TIME – MIDDLE EAST BLOG
12/29/08
Bush Legacy in Gaza
Scott MacLeod
The shoe throwing episode in Baghdad almost quaintly summed up the disaster the Bush administration leaves in its wake in Iraq--thousands dead in an ill-conceived and ill-planned invasion, thousands more dead in the explosion of sectarian and factional violence unleashed by the power vacuum, the strategic gains handed to Iran on a silver platter, the moral abomination of Abu Ghraib, and on and on. The "democracy" Bush created is one where Iraqi journalists exercise their rights of free expression by hurling potentially deadly objects at people they are quizzing at press conferences--in this case, the president of the United States, no less. It's hardly sufficient to say that that disgraceful gesture is a sign of Iraq's progress-- "things are better than they were under Saddam Hussein" is hardly the standard by which we should judge our performance in Iraq.

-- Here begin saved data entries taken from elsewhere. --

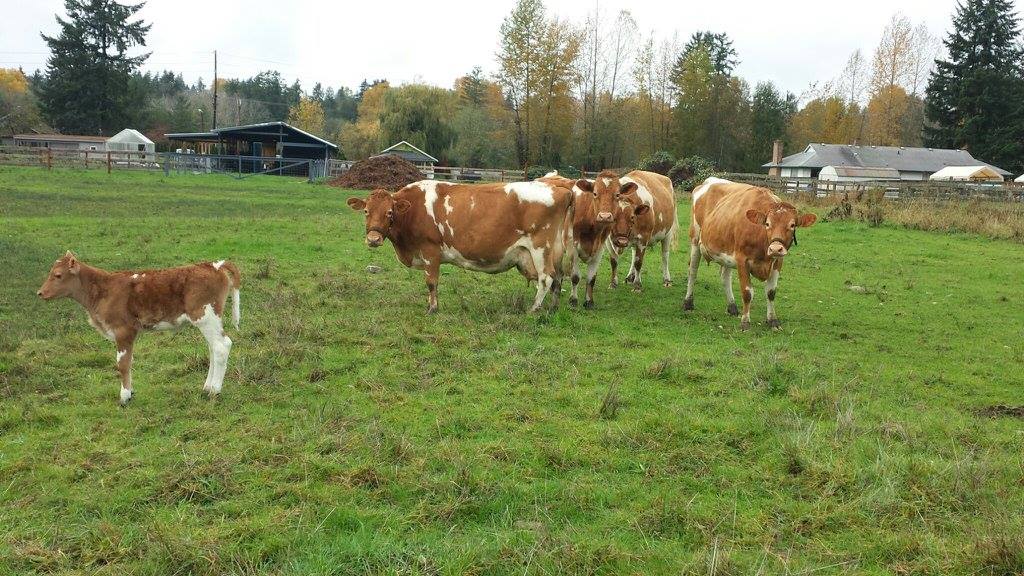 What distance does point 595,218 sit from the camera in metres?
10.8

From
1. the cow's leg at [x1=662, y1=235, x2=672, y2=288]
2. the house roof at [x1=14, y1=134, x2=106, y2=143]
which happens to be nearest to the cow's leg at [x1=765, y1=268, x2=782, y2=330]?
the cow's leg at [x1=662, y1=235, x2=672, y2=288]

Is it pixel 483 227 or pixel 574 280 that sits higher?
pixel 483 227

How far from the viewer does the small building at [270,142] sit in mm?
55938

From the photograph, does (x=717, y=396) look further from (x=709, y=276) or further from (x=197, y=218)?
(x=197, y=218)

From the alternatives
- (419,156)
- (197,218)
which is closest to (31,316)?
(197,218)

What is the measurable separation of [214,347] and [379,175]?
A: 114 feet

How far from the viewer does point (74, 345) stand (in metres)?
7.90

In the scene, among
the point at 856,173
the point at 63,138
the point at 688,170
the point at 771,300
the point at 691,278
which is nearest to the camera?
the point at 771,300

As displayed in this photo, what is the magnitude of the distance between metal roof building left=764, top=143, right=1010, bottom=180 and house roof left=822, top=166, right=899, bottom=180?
46 cm

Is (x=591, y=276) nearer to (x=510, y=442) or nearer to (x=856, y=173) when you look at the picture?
(x=510, y=442)

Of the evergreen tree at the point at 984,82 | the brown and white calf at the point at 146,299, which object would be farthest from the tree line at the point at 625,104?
the brown and white calf at the point at 146,299

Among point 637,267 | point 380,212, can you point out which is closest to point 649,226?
point 637,267

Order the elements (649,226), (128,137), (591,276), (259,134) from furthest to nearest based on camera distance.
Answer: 1. (128,137)
2. (259,134)
3. (649,226)
4. (591,276)

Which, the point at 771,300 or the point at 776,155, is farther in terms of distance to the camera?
the point at 776,155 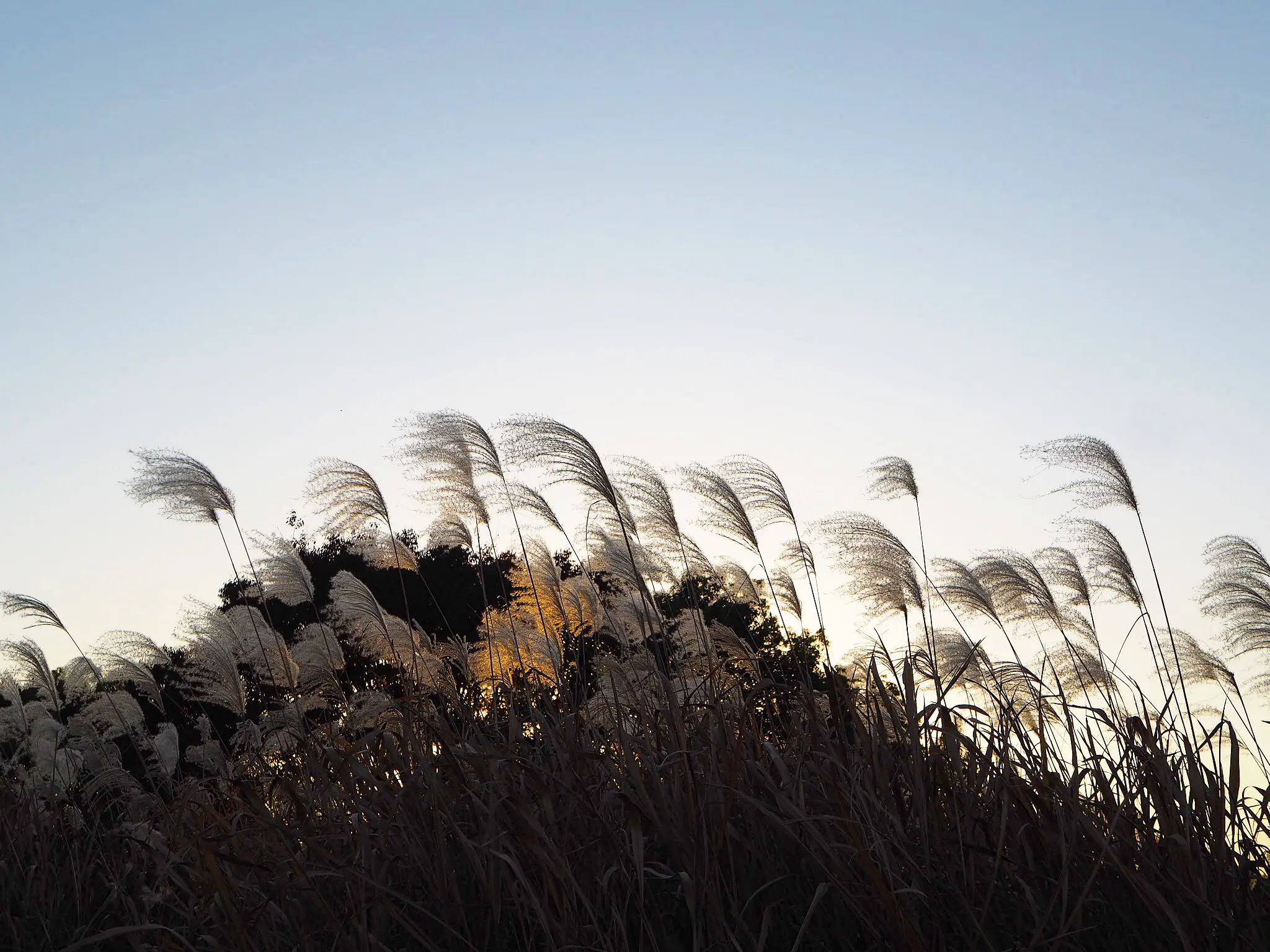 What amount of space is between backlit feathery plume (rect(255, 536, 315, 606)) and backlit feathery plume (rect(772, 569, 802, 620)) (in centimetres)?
311

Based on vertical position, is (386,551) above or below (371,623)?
above

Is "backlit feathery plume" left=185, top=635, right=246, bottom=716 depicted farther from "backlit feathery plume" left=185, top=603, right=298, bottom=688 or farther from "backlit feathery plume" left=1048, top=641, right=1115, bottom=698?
"backlit feathery plume" left=1048, top=641, right=1115, bottom=698

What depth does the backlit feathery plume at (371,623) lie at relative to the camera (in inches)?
229

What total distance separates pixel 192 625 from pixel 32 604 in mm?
985

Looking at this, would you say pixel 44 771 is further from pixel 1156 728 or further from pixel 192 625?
pixel 1156 728

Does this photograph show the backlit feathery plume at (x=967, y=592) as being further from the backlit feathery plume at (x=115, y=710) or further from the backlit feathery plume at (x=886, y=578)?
the backlit feathery plume at (x=115, y=710)

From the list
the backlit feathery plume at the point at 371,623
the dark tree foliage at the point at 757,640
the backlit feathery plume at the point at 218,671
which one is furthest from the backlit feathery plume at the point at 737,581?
the backlit feathery plume at the point at 218,671

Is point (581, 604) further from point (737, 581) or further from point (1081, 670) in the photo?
point (1081, 670)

But the more tragic wreckage Bush leaves behind is in Israel-Palestine, as evidenced by the latest spasm of violence including the latest and ultimately futile Israeli blitz on Gaza against Hamas with the inevitable victims of "collateral damage." After too many Israeli invasions and incursions and bombing raids to count over the last six decades, somehow it's hard to be optimistic that the latest one will finally silence the Palestinian bombers and rocketers so Israelis can live in peace. The Bush administration's inexcusable neglect is partly responsible for the carnage we're seeing in Gaza today-- Katrina-like botch-ups are the legacy of this administration in the Middle East, too. Bringing peace to the Middle East is no easy task but it's a pathetic testimony if you don't even try.

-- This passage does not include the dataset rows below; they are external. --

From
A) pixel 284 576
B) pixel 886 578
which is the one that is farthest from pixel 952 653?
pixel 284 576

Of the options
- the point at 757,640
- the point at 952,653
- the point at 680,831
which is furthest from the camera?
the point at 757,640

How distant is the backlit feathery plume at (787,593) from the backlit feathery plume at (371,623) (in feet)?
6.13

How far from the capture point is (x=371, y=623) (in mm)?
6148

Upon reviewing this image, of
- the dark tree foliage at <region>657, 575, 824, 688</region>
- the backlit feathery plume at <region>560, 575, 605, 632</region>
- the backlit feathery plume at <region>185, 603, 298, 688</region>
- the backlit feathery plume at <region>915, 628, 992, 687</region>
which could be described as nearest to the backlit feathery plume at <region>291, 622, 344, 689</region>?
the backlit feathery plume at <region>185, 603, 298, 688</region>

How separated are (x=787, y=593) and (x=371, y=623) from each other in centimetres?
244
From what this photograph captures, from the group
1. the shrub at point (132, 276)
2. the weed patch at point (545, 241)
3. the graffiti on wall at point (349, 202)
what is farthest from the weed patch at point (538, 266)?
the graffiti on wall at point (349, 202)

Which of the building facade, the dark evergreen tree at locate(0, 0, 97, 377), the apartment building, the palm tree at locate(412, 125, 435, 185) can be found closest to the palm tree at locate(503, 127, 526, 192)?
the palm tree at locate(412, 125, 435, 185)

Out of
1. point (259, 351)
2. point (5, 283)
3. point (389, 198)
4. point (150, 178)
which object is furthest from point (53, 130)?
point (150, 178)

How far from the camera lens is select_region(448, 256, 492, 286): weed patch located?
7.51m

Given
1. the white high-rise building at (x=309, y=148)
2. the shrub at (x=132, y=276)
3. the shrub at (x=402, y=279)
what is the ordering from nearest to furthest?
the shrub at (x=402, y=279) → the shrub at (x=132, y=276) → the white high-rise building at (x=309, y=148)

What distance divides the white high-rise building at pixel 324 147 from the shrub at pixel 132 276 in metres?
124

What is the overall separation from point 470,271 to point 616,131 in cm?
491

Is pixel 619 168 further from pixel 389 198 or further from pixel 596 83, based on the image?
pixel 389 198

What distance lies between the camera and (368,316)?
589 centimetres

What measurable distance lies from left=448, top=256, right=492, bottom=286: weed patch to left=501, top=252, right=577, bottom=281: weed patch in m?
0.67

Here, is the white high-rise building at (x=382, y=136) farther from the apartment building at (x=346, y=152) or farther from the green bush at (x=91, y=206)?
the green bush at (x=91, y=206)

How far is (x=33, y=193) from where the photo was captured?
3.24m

The U.S. has the indispensable role to play in ending the Israeli-Palestinian conflict. But after spending most of its two terms walking away from negotiations and aimlessly supporting unilateral moves by Israeli hard-liners, the huge death tolls and continuing bloodshed are not the only results of the mismanagement of America's role. Israeli and Palestinian politics have become more severely fragmented, making it more difficult to find leaders who can make necessary and courageous decisions and make them stick for peace. The latest unspeakable round of killing is as much about the factional jockeying for power as it is about anything else--it's surely not about liberating Palestine or winning the war on terrorism, is it?

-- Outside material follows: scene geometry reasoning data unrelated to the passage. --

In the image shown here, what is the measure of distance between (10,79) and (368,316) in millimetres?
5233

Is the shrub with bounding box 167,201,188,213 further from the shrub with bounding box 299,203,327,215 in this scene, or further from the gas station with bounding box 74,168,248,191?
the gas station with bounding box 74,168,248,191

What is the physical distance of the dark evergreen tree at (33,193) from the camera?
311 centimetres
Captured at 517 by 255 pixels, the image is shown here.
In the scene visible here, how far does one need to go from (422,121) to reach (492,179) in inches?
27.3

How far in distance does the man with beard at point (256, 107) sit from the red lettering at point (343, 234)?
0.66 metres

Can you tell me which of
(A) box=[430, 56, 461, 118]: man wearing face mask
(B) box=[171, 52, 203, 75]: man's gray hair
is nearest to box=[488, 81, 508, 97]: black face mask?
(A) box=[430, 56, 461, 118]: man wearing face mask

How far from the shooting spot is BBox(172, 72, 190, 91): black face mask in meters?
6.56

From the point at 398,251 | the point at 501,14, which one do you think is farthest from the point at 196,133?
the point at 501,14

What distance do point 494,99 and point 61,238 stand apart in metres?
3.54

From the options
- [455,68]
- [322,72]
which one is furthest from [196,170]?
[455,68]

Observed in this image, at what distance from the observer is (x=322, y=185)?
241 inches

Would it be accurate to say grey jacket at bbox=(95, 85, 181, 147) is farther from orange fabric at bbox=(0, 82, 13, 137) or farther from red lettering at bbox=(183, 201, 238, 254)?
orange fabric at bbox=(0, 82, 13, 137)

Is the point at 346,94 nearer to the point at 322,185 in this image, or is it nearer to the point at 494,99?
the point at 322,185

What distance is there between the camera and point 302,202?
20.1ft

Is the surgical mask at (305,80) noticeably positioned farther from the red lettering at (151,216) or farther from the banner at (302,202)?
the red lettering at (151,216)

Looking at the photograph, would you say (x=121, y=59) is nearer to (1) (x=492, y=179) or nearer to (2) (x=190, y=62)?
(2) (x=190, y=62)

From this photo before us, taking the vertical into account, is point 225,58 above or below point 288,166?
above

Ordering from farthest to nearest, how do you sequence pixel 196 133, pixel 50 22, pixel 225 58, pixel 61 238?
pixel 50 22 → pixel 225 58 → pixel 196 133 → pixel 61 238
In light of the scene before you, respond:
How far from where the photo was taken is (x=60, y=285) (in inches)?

If there's anything good to come out of it, perhaps it's that the fighting on the eve of Barack Obama's inauguration as the next American president will further concentrate his mind on the need to get serious about U.S. diplomacy in the Middle East. A year ago, Bush convened the Annapolis peace conference in a clumsy, last-ditch effort to correct the mistake he made by abandoning U.S. mediation for nearly seven years. He optimistically predicted the parties would reach some kind of an agreement before he left office in January 2009. What happened instead? His legacy in the Israeli-Palestinian conflict is the scene of dead and wounded on the streets of Gaza.